■ **MATERIAL SUPPLIED**:

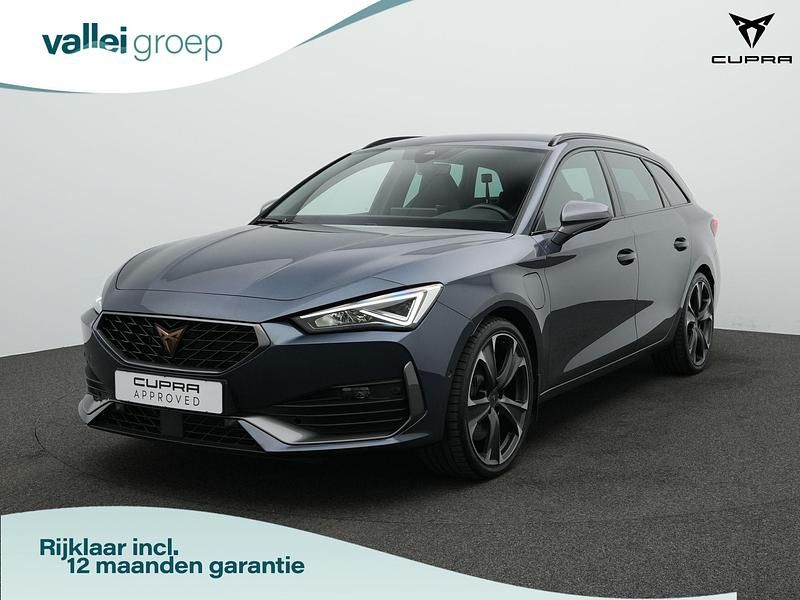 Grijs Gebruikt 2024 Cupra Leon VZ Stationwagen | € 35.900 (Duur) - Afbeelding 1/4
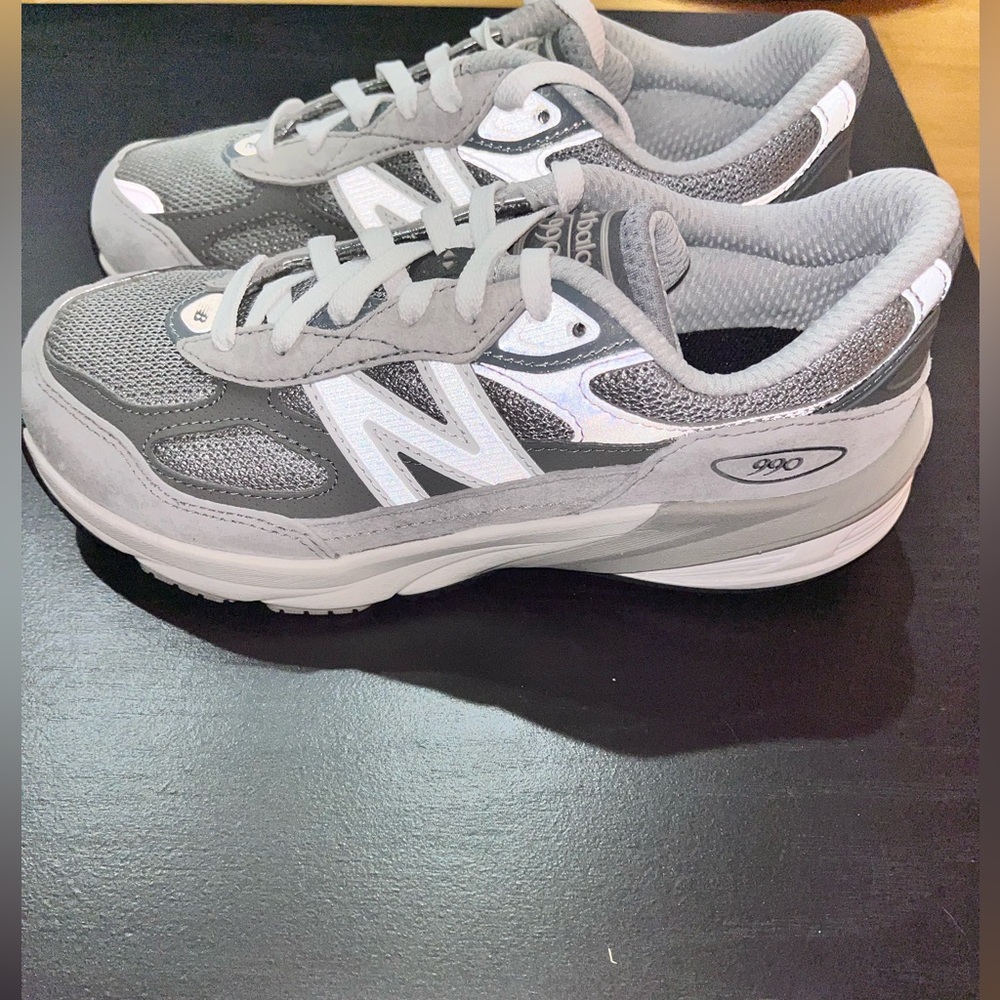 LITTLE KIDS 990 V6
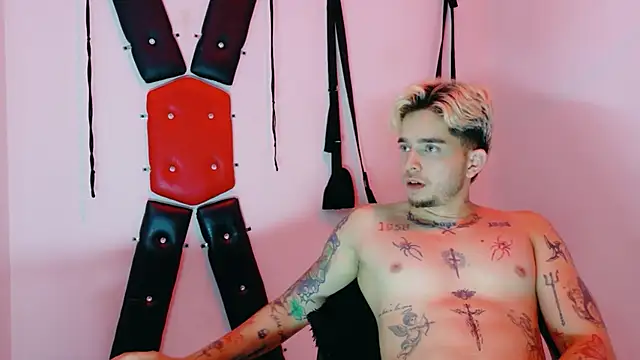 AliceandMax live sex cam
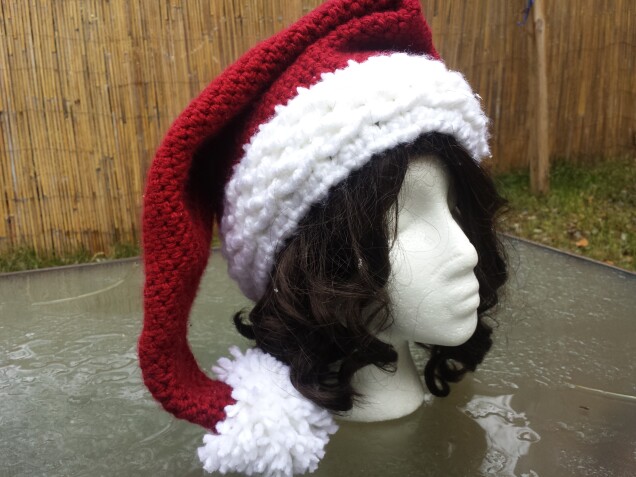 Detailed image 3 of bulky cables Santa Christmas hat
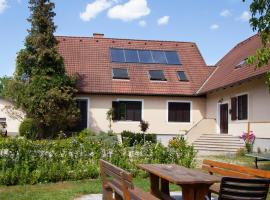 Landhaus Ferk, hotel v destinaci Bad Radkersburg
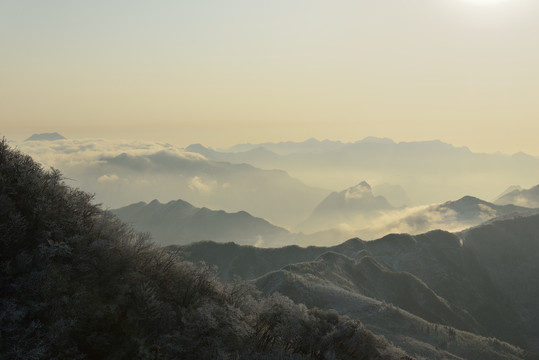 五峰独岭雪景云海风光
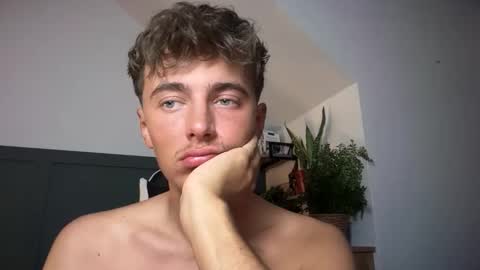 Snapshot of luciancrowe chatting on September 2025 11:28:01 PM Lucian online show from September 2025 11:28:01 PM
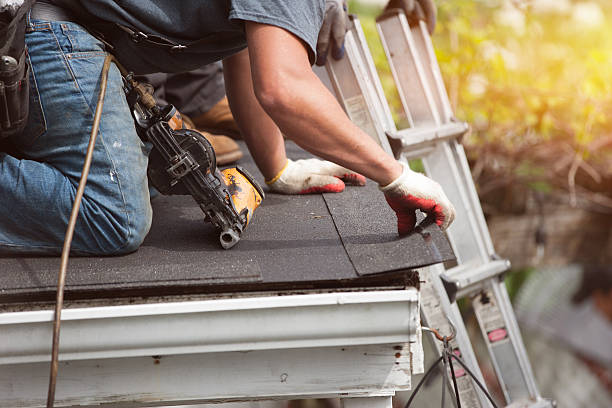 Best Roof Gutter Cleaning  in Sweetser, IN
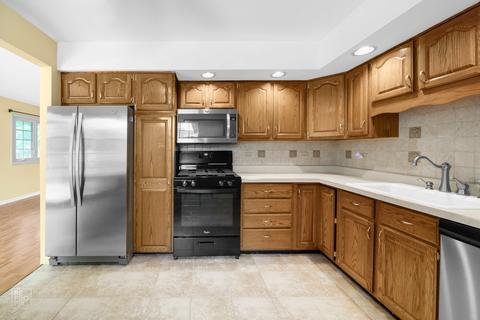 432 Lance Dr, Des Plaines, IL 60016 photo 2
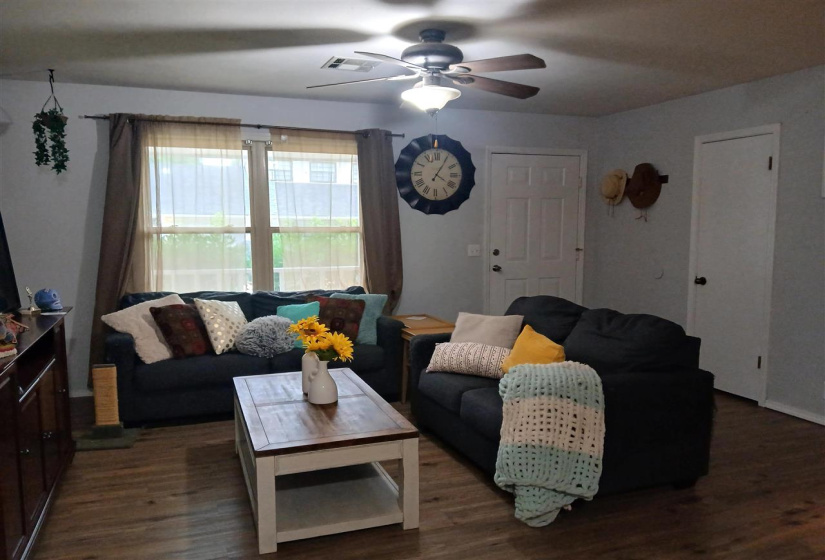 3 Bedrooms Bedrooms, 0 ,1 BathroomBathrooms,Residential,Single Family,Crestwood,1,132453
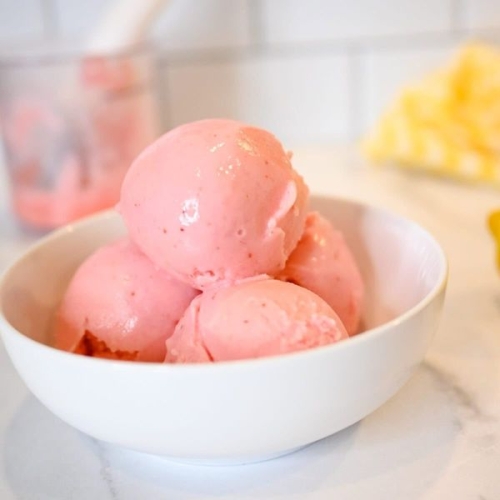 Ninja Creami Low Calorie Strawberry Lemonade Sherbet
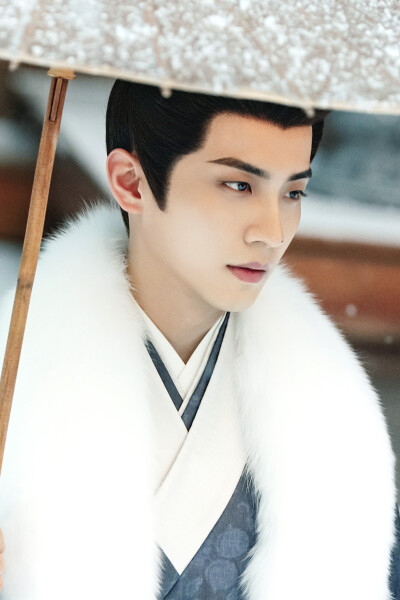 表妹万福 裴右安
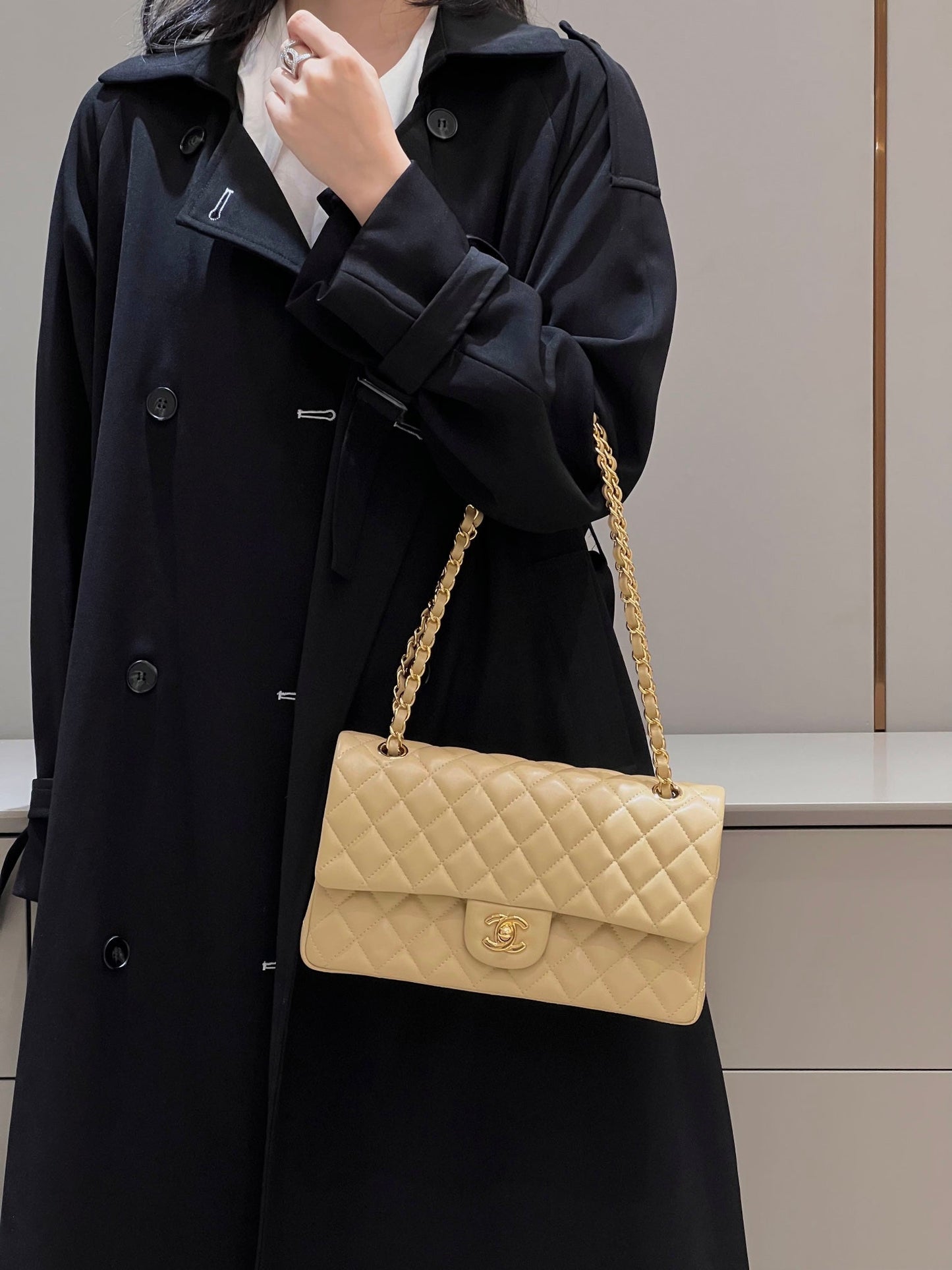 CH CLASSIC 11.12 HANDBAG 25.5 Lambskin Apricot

■ **AIM OF THE TASK**: Leave the pictures aside and transcribe only the lines from the one holding "3 Bedrooms Bedrooms, 0" through the final line of the records above.

■ **COMPLETED TASK**:
 3 Bedrooms Bedrooms, 0 ,1 BathroomBathrooms,Residential,Single Family,Crestwood,1,132453
 Ninja Creami Low Calorie Strawberry Lemonade Sherbet
 表妹万福 裴右安
 CH CLASSIC 11.12 HANDBAG 25.5 Lambskin Apricot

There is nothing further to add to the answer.